I would suspect an overcharge of refrigerant, but we have not added any refrigerant or oil in five years, and the system has run well until now.
Just for the record:
This unit is used seasonally from November through March. It is offline from April through October. We take oil samples each year before startup for testing. I check oil levels about once every two weeks and perform other routine maintenance on the manufacturer's recommended schedule. Any repairs or maintenance that affect the operation of the compressor units and their related parts is done only by our certified technician. In this situation even he is stumped.
Is this a dual circuited unit? If so, what is happening with the other compressor? I have seen (on many occasions) where the refrigerant from one circuit made it's way into the other circuit through faulty gaskets. One compressor would go off on high discharge pressure and the other would cycle on low refrigerant pressure.
What is the High Pressure Cutout Setpoint?
The cutout point is normally set to 350 lbs. My technician had me raise the point to 400 lbs temporarily, just to see if it would cough up a hairball and stabilize. I will not be leaving it there once this situation is resolved.
These are four isolated circuits. The only point of contact is in the chiller barrel, and even then they have independent pipes. I have not noticed any changes in the other three cabinets.
I'm glad they're independent, actually. At the beginning of this season I had a burnout in the #3 cabinet (bad power phase + faulty overload sensor = bad things), and the repairs would have been exponentially higher if they were dual-circuited.

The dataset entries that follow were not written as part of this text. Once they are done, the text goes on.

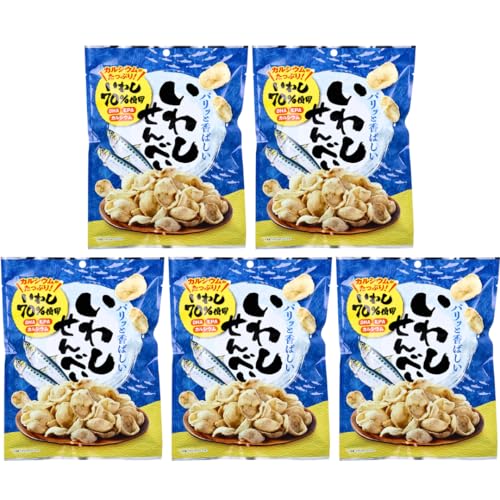 【まとめ買い】 味源 いわしせんべい 30g 煎餅 おつまみ おやつ お菓子 スナック サクサク 食感 カルシウム (5個セット)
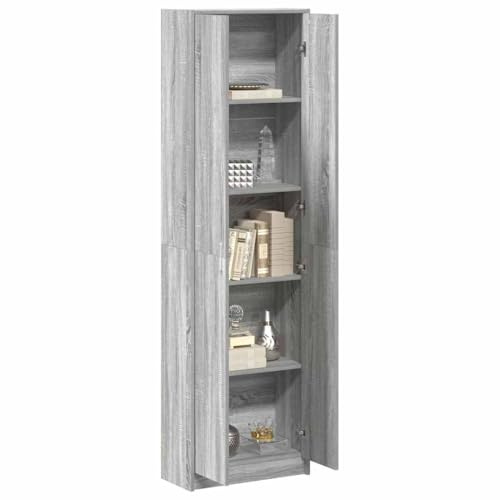vidaXL Kleiderschrank Graues Sonoma 55 x 25 x 189 cm Holzwerkstoff | Elegantes und schlichtes Aussehen mit klaren Linien, Super, um deine Sachen schön ordentlich zu halten,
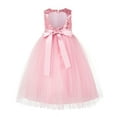 thumbnail image 1 of Ekidsbridal Heart Cutout Sequin Flower Girl Dress for Toddlers Junior Pageant Father Daughter Dance Recital Gowns 172seq 2, 1 of 3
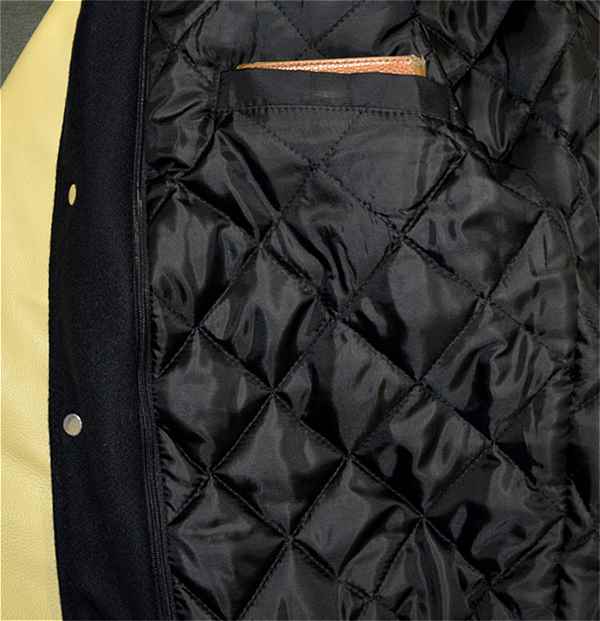 MILITARY NAVY+NATURAL DeLONG ネイビー紺 無地 スタジャン スタジャン 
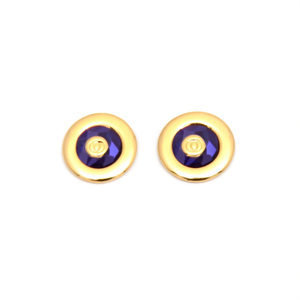 E295-E180-0423HC ต่างหูแฟชั่นเปลือกโลหะผสมสังกะสีชุบทองคลาสสิก - Product Image 3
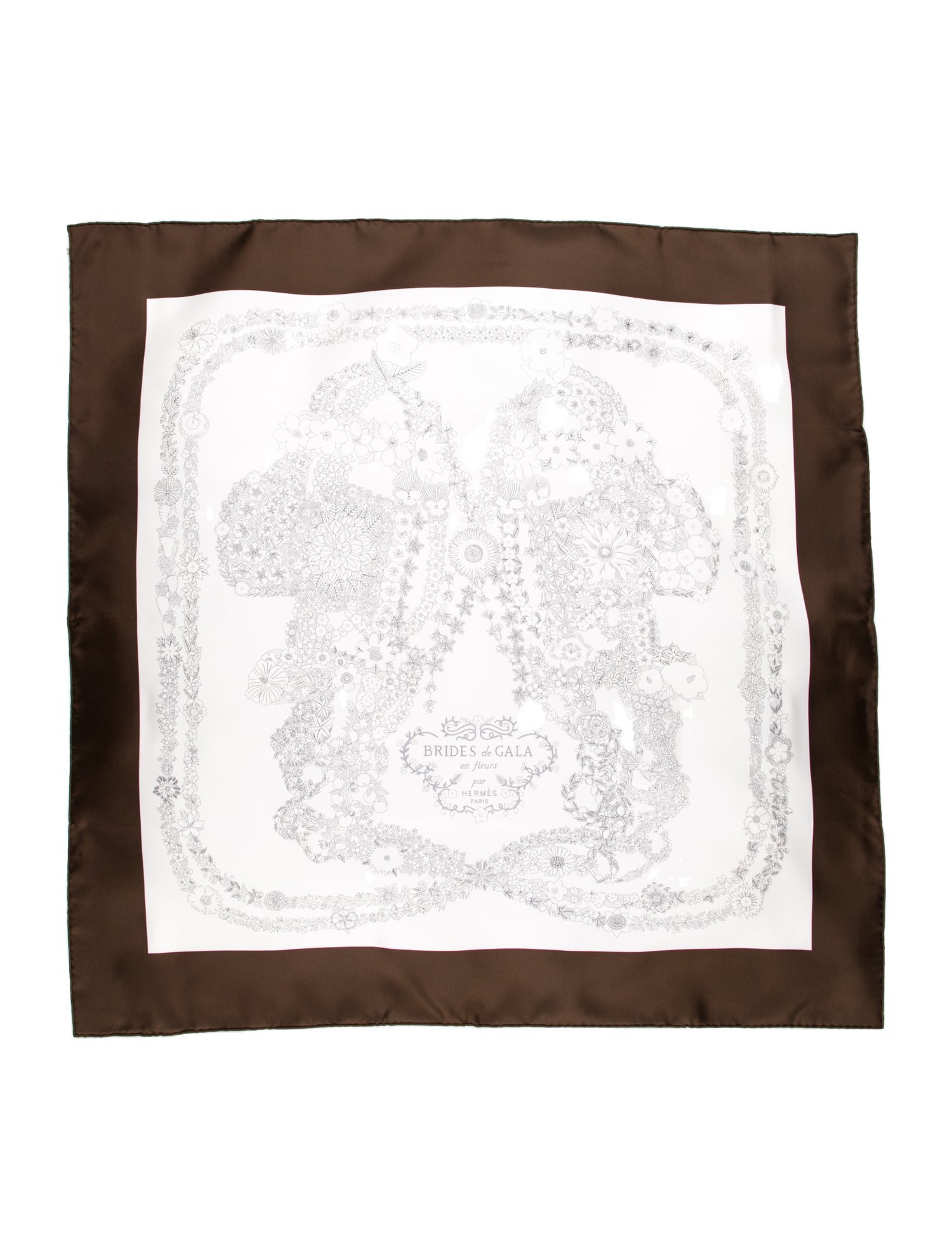 Hermès Brides de Gala en Fleurs Silk Scarf w/ Tags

So, did you ever check the %RLA at start up to see if it is starting loaded?
When you refer to % EXV is that 10% open or 90% open, and when you release control it closes or is there another electric valve you are referring to IE Hot gas bypass or unloader etc. And what superheat are you actually running compared to what the controller is trying to maintain. Could simply be a faulty saturated suction temp sensor thinking the evap is flooded. Need to check sensor with actual measured. The more info the better, like what exactly are you working on M# manufacture, possibly a log sheet. Just my two cents worth.
True, but what separates the circuits are gaskets...the only thing separating the refrigerant circuits from each other. If the gaskets fail then the circuits can "swap" refrigerant.
Originally Posted by crashputer
Hmm... I haven't had any noticeable drop in pressure in the other compressors, but while checking all systems the other day I noticed that the pressures on them were topping out around 250. I wasn't overly-concerned because the ambient temperature was low. However, last year I had to add refrigerant to two of the compressors, and my technician spent a long time with his leak detector and was unable to find anything. I'll investigate this a little more. This repair sounds like it's needlessly complicated?